When Machines Become the Scientists
Framing the Future of Superintelligence
I talked to a biology professor last week who told me something that made me rethink everything about the superintelligence timeline.
She showed me her lab’s latest experiment. Normally, designing and running this experiment would take her team three months: reviewing literature, formulating hypotheses, designing protocols, conducting trials, analyzing results.
This time, it took four days.
An AI system called Google’s “AI Co-scientist” reviewed 10,000 papers, generated 15 novel hypotheses, designed the experimental protocol, and wrote the analysis framework—all before her team had finished their first literature review.
“I’m not sure I’m doing science anymore,” she told me. “I feel like I’m supervising science being done by someone—something—much smarter than me.”
Then she said the thing that’s been keeping me awake: “And next year, even the supervision won’t be necessary.”
Three weeks ago, I told you about the three pathways to superintelligence. I thought scientific research would be one of the last domains to automate because it requires creativity, hypothesis generation, and genuine insight.
I was wrong. It’s happening faster than almost any other domain. And when AI systems can do science better than humans—when they can discover faster, theorize more accurately, and innovate beyond human capability—the acceleration toward superintelligence becomes exponential.
Let me show you what I’m seeing.
A Note on Intent
This analysis examines AI’s rapid automation of scientific research based on recent deployments and researcher assessments. The purpose is to initiate discussion about implications for scientific progress, employment, and the acceleration toward superintelligence. Timelines reflect current trajectories and may shift based on technical or regulatory developments.
The Announcements Nobody Noticed
In July 2025, while everyone was focused on the latest LLM releases and chatbot features, three announcements fundamentally changed what scientific research looks like:
Google AI Co-scientist (July 2025): A multi-agent AI system built on Gemini 2.0 that functions as a “virtual scientific collaborator.” It generates novel hypotheses, designs experiments, and writes research proposals. Not just literature review—actual hypothesis generation from synthesis of complex information.
Stanford Medicine Virtual Scientist (July 31, 2025): An AI system capable of designing, running, and analyzing its own biological experiments. It iterates on hypotheses and adapts in real-time. Researchers describe it as “simulating a human researcher” but faster and with broader literature knowledge.

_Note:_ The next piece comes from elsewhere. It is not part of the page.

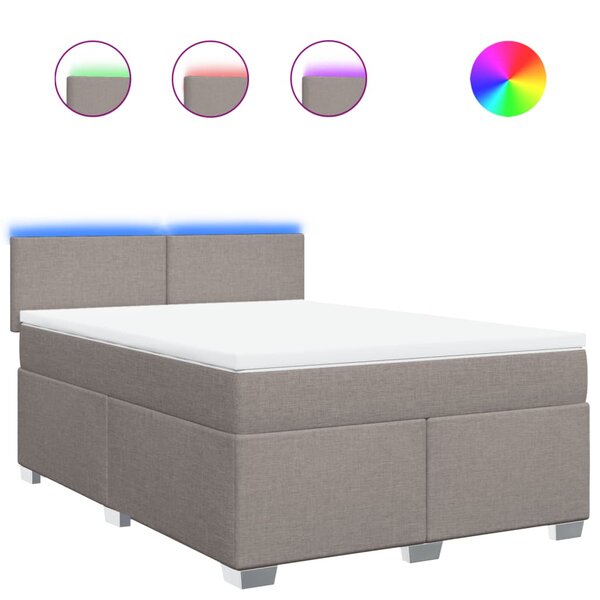 vidaXL Sommier à lattes de lit avec matelas Taupe 160x200 cm Tissu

FutureHouse Multi-Agent Platform (May-June 2025): Five specialized AI agents (Crow, Owl, Falcon, Phoenix, Finch) that automate information retrieval, hypothesis generation, chemistry experiment planning, and data analysis. On May 20, they demonstrated end-to-end automated discovery of a therapeutic candidate for age-related blindness.
I spent two weeks talking to scientists using these systems. What they told me was both exciting and terrifying.
What I’m Seeing in Real Labs
I talked to researchers at three universities and two pharmaceutical companies. Here’s what they described:
The Literature Problem Is Solved
A computational biologist at Stanford told me: “I used to spend 40% of my time just keeping up with publications. Now the AI reads everything published in my field—every paper, every day—and gives me the relevant synthesis in minutes.”
The scale is absurd:
Average scientist can read ~200 papers per year thoroughly
AI systems now process 10,000+ papers per day
Synthesis happens in minutes, not months
Connections across disciplines humans wouldn’t notice
She showed me an example. The AI connected research from microbiology, materials science, and quantum physics to suggest a novel approach to her protein folding problem. “I would never have thought to look at quantum physics papers,” she said. “It’s not my field. But the connection was valid and led to a breakthrough.”
Hypothesis Generation Has Changed
A chemistry professor at MIT described his experience: “I’ve been in this field 30 years. When I use these systems, they suggest hypotheses I wouldn’t have thought of. Not because they’re random—because they’ve synthesized literature across domains in ways my brain can’t.”
What I’m tracking:
Papers published with “AI-generated hypothesis” acknowledgment up 300% (2024-2025)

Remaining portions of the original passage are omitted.